Evening Must-Read: Monetary policy: A Few Points on Slack
MOAR on the “slack” debate: Ryan Avent: Monetary policy: A few points on slack: “A DEBATE has broken out over just how close America is to full employment
I recommend comments on the subject from Tim Duy and Cardiff Garcia. I’ll make a few points…. 1) The labour market is tightening, as it has for at least the last two years, but it is objectively not tight…. 2) Having said that, we are approaching the point in the business cycle at which the Fed would historically begin tightening…. 3) There is some concern that there is less slack in the American economy than we would normally expect at an unemployment rate of 6.7%…. 4) The question is, should the Fed begin tightening at this point in the slack cycle?5) Wait, that’s not the right question at all! 6) The real question is, why, nearly five years into a recovery from the worst recession of the postwar period, with labour markets looking as bad as in the worst moments of most recent recessions, with full employment another year or two away, with inflation well below the official target, and with interest rates at the zero lower bound: why is the Fed not figuring how to accelerate the recovery? 7) And then, actually, the real question is why the real question, at least where most pundits are concerned, is… (4) rather than… (6).
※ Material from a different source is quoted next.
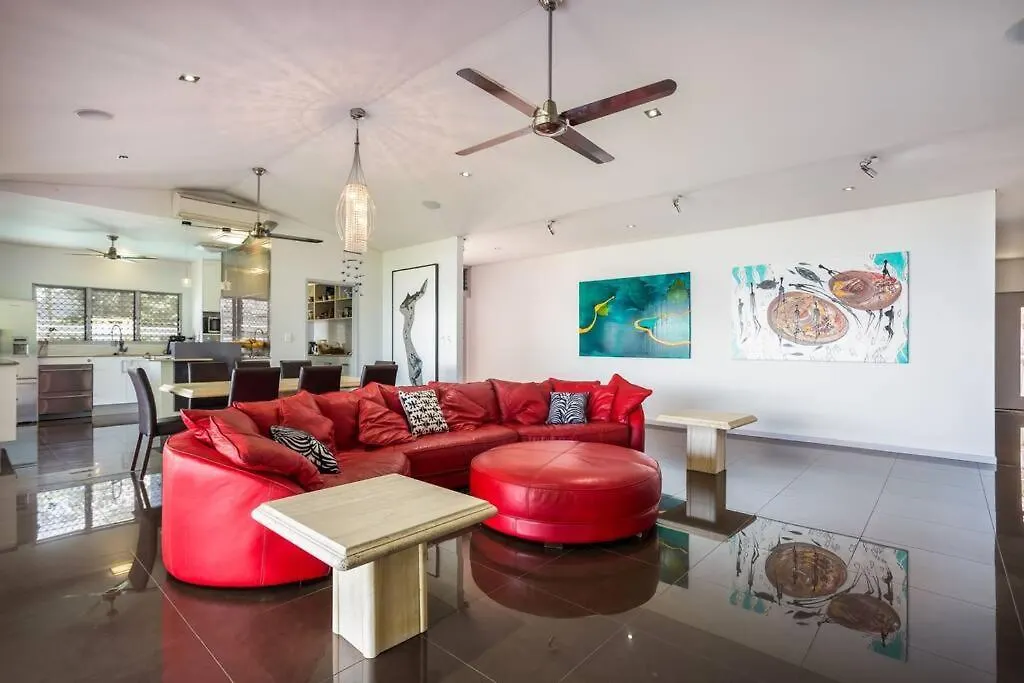 On The Very Top Of Cairns - Luxurious Entertainer Bayview Heights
Answer that and you have a pretty good idea why the labour-market recovery has been so awful.
8) Because one can mount a pretty good argument that when the Fed tightened at this point in previous cycles it was acting too hawkishly…. 9) But setting all of those arguments aside, the fact that the American economy is at the zero lower bound should fundamentally change the way that we approach this question…. 10) First, when an economy is stuck at the zero lower bound, the central bank can only provide further stimulus… by raising inflation expectations…. 11) Second, if the Fed tightens as it normally does so as to prevent any inflation overshooting, then it will continue the long-run downward trend in nominal interest rates…. 12) Third, and this is where things get really nasty, the Fed’s puzzling choice to behave as if nothing odd happened over the past 7 years will make it harder to provide stimulus after the economy hits the zero lower bound in the next recession….
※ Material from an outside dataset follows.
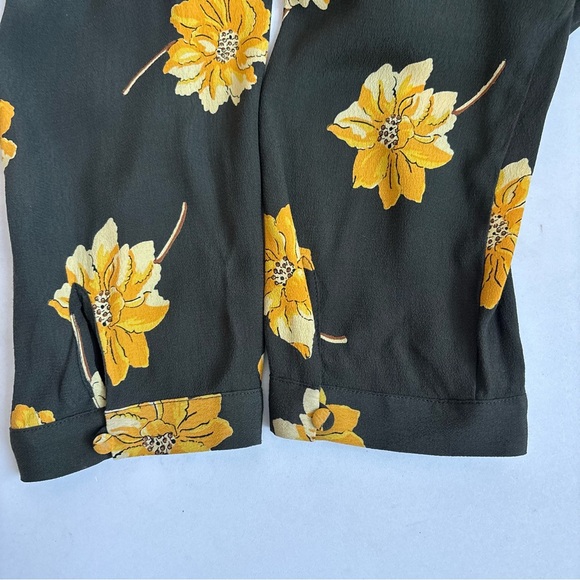 Madewell Button-Front Tier Dress in Fall Flowers
Effie Floral Dried Olive Small - Picture 11 of 17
The main point is this: we don’t know exactly how much of an output gap there is in the economy. But we have a good idea what the balance of risk looks like. When the Fed allows the economy to operate with slack for long periods of time, that translates into trillions of dollars in lost output and considerable human suffering. When the Fed overshoots on inflation there is some economic cost from relative price distortions—but when that overshooting occurs while an economy is at the zero lower bound those distortionary costs are mostly if not entirely offset by reduced probability of future output losses from inadequate monetary policy. If your moral calculator runs those numbers and concludes that the Fed should behave as it usually does so as to avoid overshooting on inflation, throw your moral calculator in the lake and buy a new one. That’s the main point.